*What to do*
Every line of the material below that holds the string "style" should be copied.

*The data*
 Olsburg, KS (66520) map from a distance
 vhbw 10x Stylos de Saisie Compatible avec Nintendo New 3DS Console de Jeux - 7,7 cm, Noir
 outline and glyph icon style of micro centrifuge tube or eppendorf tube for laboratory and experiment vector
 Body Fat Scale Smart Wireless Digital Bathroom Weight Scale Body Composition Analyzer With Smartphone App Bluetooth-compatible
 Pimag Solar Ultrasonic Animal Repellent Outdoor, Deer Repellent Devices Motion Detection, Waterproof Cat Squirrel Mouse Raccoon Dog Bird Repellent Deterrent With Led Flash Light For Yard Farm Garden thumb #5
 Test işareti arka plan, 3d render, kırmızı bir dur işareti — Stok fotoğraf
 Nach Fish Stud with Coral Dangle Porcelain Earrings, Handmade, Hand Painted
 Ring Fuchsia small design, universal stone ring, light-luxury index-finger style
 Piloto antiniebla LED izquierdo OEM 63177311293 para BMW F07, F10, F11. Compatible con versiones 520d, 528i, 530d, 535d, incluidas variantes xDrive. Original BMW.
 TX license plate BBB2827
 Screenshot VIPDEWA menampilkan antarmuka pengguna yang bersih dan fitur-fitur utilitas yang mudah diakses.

* * *

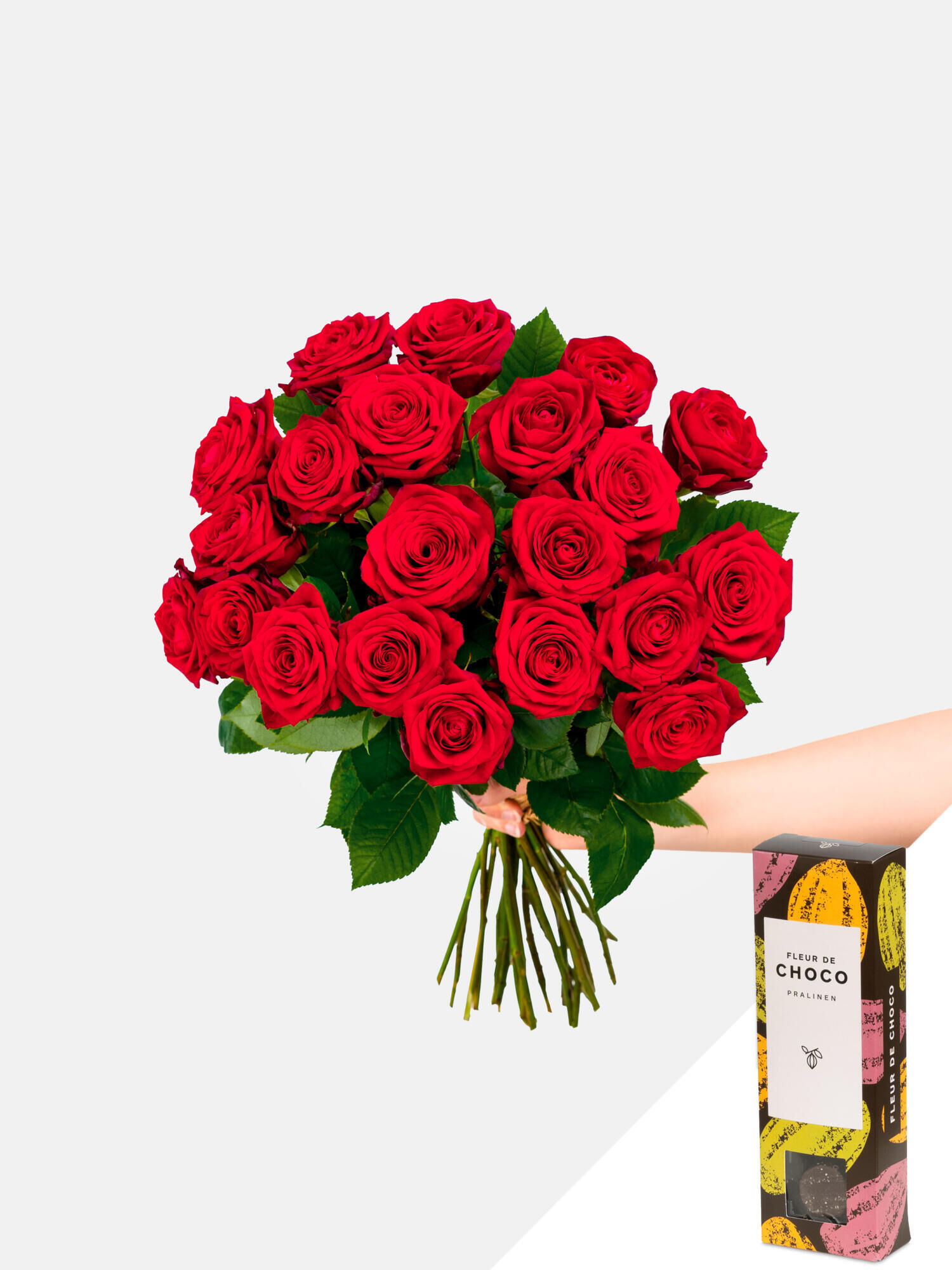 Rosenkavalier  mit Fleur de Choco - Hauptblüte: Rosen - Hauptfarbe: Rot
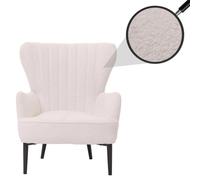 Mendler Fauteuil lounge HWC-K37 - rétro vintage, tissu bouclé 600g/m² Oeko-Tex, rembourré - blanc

*Result of this exercise*
 outline and glyph icon style of micro centrifuge tube or eppendorf tube for laboratory and experiment vector
 Ring Fuchsia small design, universal stone ring, light-luxury index-finger style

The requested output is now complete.